Religion in the European Union
|The factual accuracy of parts of this article (those related to Croatia need adding) may be compromised due to out-of-date information. (November 2012)|
Religion in the European Union is a diverse matter with significant levels of belief in all EU member states. The largest religion in the EU is Christianity account 72% of EU population, with its largest denominations being Roman Catholicism, Protestantism (especially in the north), and Eastern Orthodoxy. Smaller groups include those of Islam, Buddhism, Judaism, Hinduism, and some East Asian religions, most concentrated in Britain and France.
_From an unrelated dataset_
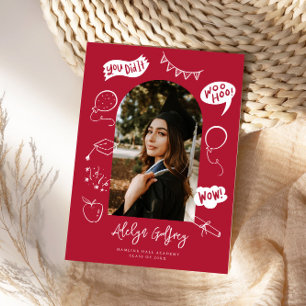 Modern Photo Doodle Graduation Red Announcement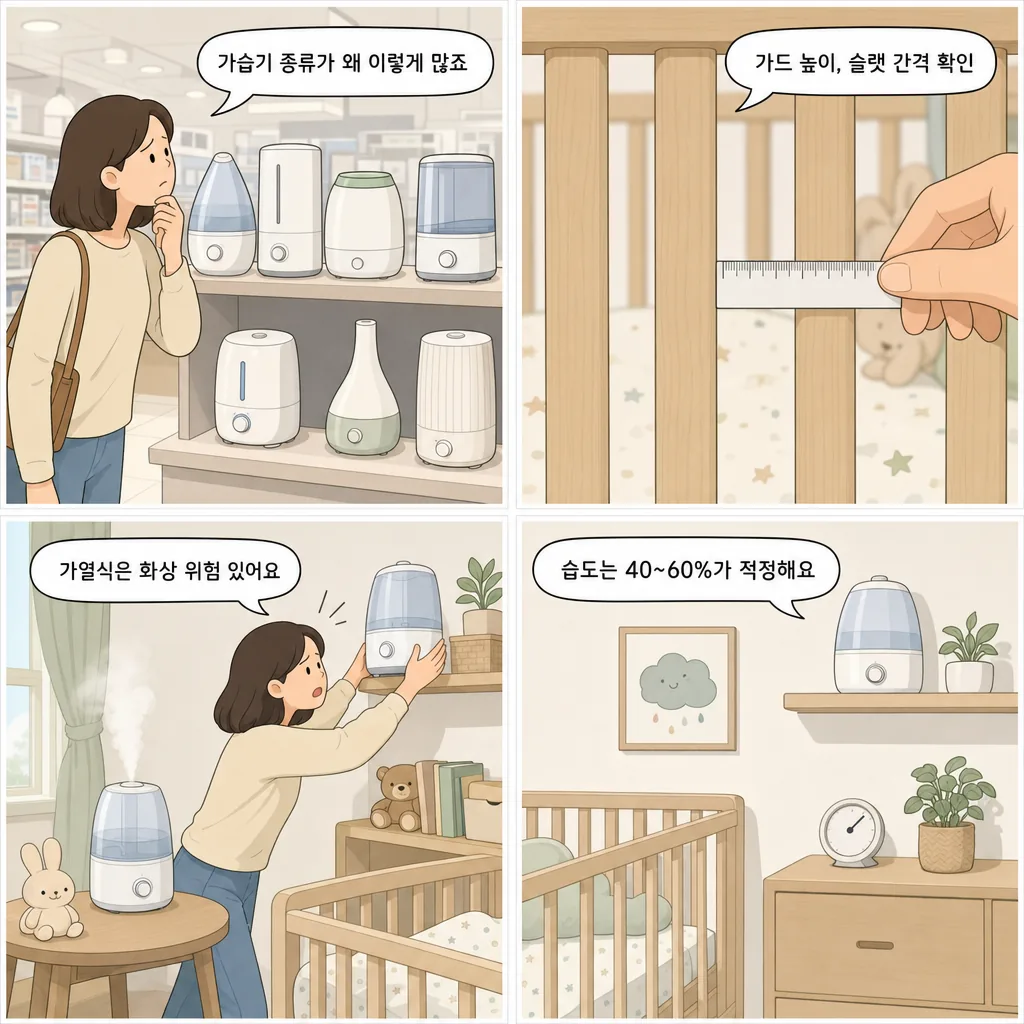 1. 가습기 종류가 왜 이렇게 많죠 2. 가드 높이, 슬랫 간격 확인 3. 가열식은 화상 위험 있어요 4. 습도는 40~60%가 적정해요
Also present are revival movements of pre-Christianity European folk religions including Heathenism, Rodnovery, Romuva, and Druidry.
Over the last several decades, religious practice has been on the decline in a process of secularisation. Eurostat's Eurobarometer opinion polls showed in 2010 that 49% of EU citizens did not believe in God. Many countries have experienced falling church attendance and membership in recent years.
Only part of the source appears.